* Task description
Print exactly what the entries say, line by line, from the first line down to the one with "Joyful white young-adult", inclusive.

* Supplied entries
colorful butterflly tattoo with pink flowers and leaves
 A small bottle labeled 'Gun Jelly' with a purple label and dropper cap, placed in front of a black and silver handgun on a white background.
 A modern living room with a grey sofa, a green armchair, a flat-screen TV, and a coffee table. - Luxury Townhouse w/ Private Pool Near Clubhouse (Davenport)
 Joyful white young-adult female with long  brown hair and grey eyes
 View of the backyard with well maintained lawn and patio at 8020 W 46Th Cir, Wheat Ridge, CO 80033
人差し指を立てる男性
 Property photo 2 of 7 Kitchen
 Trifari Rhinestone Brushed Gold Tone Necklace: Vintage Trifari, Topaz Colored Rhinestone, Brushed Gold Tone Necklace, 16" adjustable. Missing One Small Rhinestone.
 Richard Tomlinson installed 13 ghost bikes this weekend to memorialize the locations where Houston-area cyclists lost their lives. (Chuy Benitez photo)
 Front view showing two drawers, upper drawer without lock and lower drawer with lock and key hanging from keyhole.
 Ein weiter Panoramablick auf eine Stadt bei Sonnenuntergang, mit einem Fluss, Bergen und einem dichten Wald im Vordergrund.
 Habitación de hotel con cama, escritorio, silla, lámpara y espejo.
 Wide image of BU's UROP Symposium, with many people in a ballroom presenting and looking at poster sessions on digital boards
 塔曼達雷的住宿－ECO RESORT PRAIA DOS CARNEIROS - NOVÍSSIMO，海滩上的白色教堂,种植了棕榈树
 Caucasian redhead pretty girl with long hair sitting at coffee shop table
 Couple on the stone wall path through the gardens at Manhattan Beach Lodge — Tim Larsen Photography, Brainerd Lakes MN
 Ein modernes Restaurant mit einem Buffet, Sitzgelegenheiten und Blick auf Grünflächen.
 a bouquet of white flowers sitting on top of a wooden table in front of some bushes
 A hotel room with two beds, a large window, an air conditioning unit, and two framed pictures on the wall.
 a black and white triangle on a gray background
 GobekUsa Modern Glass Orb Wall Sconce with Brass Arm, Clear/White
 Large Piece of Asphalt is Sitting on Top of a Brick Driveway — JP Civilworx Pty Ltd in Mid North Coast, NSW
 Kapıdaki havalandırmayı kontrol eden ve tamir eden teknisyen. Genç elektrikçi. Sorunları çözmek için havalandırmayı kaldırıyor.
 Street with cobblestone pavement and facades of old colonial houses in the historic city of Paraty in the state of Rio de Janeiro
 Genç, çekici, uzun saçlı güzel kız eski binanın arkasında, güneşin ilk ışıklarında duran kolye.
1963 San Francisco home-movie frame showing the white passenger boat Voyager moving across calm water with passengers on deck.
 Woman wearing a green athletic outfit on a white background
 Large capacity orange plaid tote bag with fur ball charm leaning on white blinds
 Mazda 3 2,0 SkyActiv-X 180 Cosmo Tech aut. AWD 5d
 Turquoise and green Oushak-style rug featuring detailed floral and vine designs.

* Problem solution
colorful butterflly tattoo with pink flowers and leaves
 A small bottle labeled 'Gun Jelly' with a purple label and dropper cap, placed in front of a black and silver handgun on a white background.
 A modern living room with a grey sofa, a green armchair, a flat-screen TV, and a coffee table. - Luxury Townhouse w/ Private Pool Near Clubhouse (Davenport)
 Joyful white young-adult female with long  brown hair and grey eyes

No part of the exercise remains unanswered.